The financial tide looks to be turning for the banking sector on the back of a strong housing market and rebound from Covid-19.
The latest survey of the sector by advisory firm KPMG shows bank profits for the first three months of the year rose 35 percent on the previous quarter to $1.36 billion, with expenses down 6 percent, and impairment expenses down $315m.
KPMG head of banking John Kensington likened the recovery as the end of the beginning of the impact of Covid-19 on the broader economy and the banks in particular.
He said the worst fears on the pandemic, which had prompted the banks to set aside large amounts for potential failed loans, had not eventuated.
"Much of the improvement stems from lower impairment charges - or, in some cases, reversals - in the quarter, reflecting how the current credit quality of lenders' books is significantly better than where they were predicted to be."
He said a strong housing market and the demand for mortgage finance, which grew 10 percent in the quarter, had also been positive.
Bank margins were still being pressured by low interest rates but they had stayed steady or had improved slightly, and Kensington said it was more than likely that bank finances would continue to feel the negative impacts of the pandemic.

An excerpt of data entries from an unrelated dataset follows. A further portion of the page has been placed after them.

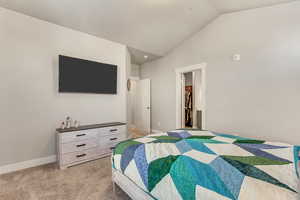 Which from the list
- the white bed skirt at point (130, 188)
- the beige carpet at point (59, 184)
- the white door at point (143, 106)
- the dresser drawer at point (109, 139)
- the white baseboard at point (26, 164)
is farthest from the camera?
the white door at point (143, 106)

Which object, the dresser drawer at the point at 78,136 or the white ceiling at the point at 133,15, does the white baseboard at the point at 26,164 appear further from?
the white ceiling at the point at 133,15

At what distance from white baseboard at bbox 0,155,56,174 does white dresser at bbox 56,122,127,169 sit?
1.30 feet

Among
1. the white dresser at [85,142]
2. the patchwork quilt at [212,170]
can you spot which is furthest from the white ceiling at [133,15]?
the patchwork quilt at [212,170]

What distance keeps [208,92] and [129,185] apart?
2.72 metres

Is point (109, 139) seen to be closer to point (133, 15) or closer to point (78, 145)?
point (78, 145)

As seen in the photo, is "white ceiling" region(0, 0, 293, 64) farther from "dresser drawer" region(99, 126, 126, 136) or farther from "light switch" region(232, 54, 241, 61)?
"dresser drawer" region(99, 126, 126, 136)

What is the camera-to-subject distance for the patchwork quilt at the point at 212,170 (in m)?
0.84

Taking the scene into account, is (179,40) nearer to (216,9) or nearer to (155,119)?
(216,9)

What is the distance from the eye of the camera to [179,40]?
379cm

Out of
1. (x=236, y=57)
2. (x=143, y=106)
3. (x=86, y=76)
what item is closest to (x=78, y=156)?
(x=86, y=76)

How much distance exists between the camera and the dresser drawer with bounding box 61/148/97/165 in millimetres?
2345

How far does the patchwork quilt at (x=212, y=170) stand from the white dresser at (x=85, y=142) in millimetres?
1152

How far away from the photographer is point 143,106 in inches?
196

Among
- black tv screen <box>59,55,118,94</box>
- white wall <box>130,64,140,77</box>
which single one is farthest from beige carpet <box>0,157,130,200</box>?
white wall <box>130,64,140,77</box> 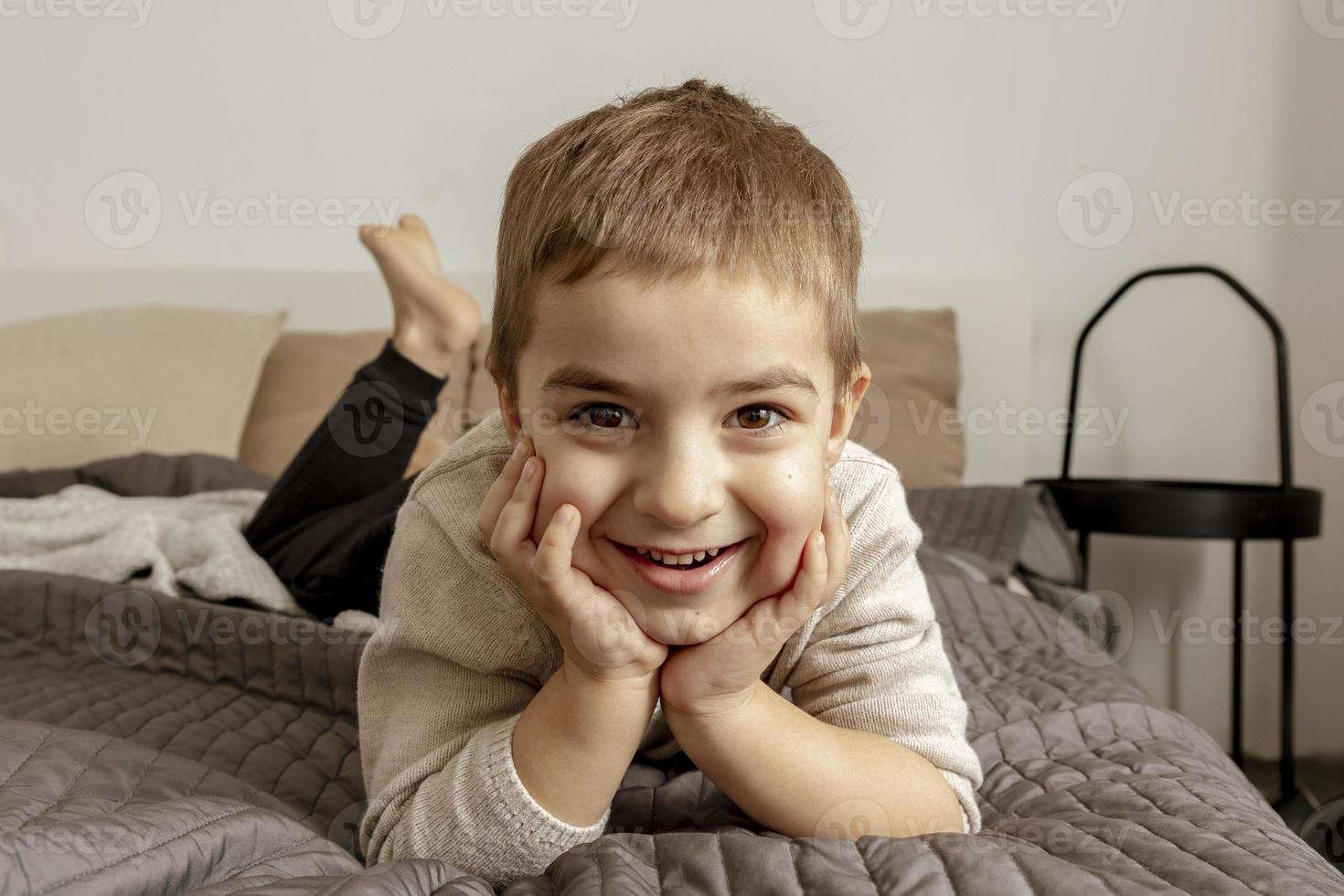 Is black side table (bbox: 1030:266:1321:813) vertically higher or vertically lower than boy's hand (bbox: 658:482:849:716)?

"I don't think it's the end just yet, because there are problems with supply chains, problems with importing and exporting products are going to leave some parts of the economy struggling a bit, and it will take some time before we see how the vaccine works."
Kensington said experience after previous economic and financial crises such as the 1987 sharemarket crash, the SARS epidemic and the Global Financial Crisis, showed that New Zealand often felt the hardest impact a year or two after the event.
However, he thought with the immediate effects having waned, the Reserve Bank would resume its moves towards beefing up bank capital levels and other regulatory plans which had been put on hold last year.